→ INFORMATION SHOWN:
▼

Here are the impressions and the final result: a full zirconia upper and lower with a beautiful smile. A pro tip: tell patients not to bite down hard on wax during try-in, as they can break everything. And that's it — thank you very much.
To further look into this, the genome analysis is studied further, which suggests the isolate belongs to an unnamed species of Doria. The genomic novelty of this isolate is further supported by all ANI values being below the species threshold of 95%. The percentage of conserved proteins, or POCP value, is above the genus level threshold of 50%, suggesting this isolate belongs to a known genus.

▲
▼

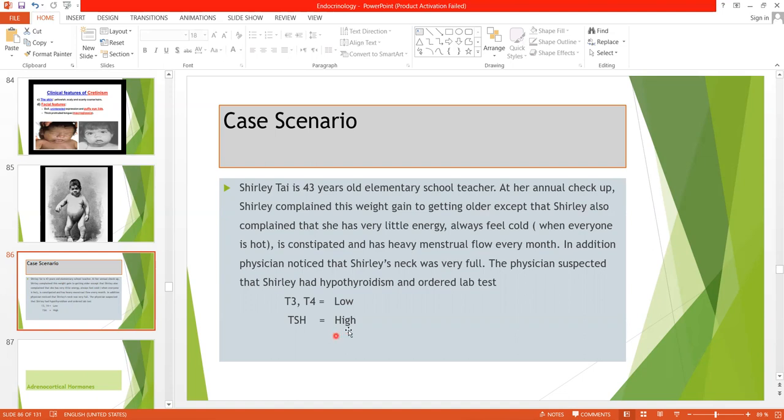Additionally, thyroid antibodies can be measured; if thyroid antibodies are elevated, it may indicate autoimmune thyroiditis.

▲

→ TASK TO COMPLETE:
Using the listing above, copy exactly the line that contains "Here are the", the line that contains "To further look", and each line that falls between them.

→ RESPONSE TO THE EXERCISE:
Here are the impressions and the final result: a full zirconia upper and lower with a beautiful smile. A pro tip: tell patients not to bite down hard on wax during try-in, as they can break everything. And that's it — thank you very much.
To further look into this, the genome analysis is studied further, which suggests the isolate belongs to an unnamed species of Doria. The genomic novelty of this isolate is further supported by all ANI values being below the species threshold of 95%. The percentage of conserved proteins, or POCP value, is above the genus level threshold of 50%, suggesting this isolate belongs to a known genus.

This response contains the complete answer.